In terms of EU budgetary rules, I would not comment on what is appropriate but there is much to be considered. There have been issues raised, first, that the current framework is overly complex; second, that it is not sufficiently supportive of growth and capital investment; and, third, that it is a little bit one-size-fits-all and does not take into account that a country's debt ratio is not the only metric one needs to look at. There is also what that debt represents, whether it is debt that has been accrued because of capital; what does the market think regarding the sustainability of that debt; and, more important than anything else, what is the financing cost of that debt. A 100% debt ratio at 0% interest is a lot better situation than a 100% debt ratio at 3% or 4% interest.

Those are the issues. The process was paused last February when the European Commission first reported on the budgetary rules and, of course, the Stability and Growth Pact escape clause has been triggered and that will be extended for a while. After the recovery starts, I think there is an opportunity to look again at the fiscal framework. There is scope there but it is a political issue as to what changes will actually materialise.

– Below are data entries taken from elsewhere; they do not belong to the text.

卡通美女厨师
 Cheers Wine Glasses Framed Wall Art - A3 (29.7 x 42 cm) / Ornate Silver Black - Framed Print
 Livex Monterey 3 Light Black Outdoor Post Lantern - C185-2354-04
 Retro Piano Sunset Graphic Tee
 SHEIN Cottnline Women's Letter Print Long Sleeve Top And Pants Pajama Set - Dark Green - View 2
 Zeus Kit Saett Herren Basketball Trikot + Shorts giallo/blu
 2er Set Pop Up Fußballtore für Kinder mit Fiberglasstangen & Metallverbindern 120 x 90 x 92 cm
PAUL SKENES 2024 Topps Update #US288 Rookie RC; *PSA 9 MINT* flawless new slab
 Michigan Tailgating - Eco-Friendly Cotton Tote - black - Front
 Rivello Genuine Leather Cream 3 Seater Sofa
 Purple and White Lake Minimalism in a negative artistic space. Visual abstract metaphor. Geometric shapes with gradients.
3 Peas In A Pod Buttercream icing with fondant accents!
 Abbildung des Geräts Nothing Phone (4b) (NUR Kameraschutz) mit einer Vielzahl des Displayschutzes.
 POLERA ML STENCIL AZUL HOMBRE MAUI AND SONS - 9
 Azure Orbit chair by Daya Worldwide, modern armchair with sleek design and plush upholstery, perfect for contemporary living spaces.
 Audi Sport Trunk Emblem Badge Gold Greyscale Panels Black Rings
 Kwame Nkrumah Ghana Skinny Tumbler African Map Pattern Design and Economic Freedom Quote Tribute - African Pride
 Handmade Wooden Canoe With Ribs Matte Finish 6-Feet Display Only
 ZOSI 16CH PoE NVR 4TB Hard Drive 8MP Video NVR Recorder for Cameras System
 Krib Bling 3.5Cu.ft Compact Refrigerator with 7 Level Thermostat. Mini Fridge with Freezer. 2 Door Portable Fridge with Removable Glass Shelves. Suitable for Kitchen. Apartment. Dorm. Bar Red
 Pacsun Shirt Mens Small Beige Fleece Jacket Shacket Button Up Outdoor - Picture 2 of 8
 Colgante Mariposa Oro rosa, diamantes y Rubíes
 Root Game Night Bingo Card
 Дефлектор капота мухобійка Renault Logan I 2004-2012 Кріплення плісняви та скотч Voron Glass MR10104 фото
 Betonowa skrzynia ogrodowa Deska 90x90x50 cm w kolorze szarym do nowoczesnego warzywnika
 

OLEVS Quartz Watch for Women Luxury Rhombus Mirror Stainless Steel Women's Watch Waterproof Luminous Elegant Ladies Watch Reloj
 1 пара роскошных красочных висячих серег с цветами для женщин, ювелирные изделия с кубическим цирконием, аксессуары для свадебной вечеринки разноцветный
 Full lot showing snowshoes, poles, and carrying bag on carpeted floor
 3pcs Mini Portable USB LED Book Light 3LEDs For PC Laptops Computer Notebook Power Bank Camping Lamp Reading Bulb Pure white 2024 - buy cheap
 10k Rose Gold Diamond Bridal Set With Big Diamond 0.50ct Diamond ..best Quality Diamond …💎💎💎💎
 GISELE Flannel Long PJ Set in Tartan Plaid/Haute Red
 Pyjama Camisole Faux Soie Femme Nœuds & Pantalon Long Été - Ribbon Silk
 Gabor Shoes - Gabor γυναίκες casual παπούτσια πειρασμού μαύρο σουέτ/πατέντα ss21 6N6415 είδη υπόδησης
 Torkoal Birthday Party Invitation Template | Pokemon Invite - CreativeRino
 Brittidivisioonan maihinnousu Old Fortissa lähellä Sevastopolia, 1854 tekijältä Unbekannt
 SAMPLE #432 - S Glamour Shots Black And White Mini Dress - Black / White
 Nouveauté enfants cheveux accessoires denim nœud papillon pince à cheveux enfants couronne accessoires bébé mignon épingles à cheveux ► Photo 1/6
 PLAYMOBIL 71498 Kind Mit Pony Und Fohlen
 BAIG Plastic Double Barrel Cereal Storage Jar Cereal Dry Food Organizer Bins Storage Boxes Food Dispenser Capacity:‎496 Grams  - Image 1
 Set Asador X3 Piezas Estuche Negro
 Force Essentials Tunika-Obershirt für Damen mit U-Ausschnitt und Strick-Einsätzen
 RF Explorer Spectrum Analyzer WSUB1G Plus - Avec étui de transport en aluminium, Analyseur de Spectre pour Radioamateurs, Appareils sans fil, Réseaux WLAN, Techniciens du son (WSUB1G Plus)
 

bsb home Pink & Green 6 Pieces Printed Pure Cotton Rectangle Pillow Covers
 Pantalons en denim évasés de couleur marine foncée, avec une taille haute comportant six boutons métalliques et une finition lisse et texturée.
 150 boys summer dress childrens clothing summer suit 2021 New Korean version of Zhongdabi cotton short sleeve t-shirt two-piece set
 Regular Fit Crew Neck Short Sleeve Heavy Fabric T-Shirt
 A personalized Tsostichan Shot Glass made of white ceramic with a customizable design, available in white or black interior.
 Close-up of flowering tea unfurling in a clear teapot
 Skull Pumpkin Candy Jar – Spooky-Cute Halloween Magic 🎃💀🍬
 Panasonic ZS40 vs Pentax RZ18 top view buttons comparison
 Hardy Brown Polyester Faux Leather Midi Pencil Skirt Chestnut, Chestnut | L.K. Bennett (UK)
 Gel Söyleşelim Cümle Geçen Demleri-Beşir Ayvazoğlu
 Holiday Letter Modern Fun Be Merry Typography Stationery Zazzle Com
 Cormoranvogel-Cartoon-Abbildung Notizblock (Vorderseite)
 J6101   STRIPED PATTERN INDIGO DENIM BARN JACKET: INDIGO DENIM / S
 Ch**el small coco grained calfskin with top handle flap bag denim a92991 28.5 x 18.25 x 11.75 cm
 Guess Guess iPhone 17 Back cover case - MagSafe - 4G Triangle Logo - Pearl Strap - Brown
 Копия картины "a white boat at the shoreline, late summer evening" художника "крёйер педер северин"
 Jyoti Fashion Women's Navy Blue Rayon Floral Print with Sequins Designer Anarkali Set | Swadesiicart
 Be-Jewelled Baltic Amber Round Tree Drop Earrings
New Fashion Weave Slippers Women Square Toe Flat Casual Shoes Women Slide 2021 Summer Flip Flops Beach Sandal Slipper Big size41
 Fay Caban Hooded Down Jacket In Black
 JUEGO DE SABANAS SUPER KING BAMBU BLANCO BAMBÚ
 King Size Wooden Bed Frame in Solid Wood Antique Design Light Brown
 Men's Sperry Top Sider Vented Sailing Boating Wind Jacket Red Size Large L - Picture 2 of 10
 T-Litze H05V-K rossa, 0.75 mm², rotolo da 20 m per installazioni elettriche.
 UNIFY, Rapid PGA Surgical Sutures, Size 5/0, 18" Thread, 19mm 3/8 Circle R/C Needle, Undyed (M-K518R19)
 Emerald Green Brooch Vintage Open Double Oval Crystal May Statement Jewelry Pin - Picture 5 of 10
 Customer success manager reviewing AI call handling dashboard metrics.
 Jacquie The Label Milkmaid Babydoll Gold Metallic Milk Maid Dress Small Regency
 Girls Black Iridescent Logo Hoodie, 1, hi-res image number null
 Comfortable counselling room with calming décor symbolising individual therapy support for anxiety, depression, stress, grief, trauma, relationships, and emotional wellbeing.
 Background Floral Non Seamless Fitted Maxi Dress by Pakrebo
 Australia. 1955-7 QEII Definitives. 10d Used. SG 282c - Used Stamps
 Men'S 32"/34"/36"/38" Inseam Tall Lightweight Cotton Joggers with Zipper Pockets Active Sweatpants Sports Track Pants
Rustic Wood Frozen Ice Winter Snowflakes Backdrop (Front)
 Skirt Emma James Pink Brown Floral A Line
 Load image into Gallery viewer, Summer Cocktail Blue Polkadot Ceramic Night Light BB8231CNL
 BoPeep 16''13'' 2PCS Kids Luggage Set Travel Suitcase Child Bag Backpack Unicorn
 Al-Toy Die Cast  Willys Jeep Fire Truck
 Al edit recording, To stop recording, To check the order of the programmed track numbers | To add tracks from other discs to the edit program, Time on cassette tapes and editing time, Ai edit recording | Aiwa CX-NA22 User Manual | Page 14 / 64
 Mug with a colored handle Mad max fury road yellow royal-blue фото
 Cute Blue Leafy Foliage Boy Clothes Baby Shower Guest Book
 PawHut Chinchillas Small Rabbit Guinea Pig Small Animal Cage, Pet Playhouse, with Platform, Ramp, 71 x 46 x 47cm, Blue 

In terms of interest rates and inflation, all I would say is that we do not see them increasing markedly in the near term, and I think there are reasons for that. With regard to interest rates, the ECB is on the record as saying it expects its current asset purchases and its low interest rate environment to be in place for a while. However, I would say that interest rates and inflation are at historically low levels and, at some stage - I would not put a timeframe on it - there is likely to be an upward trend in those.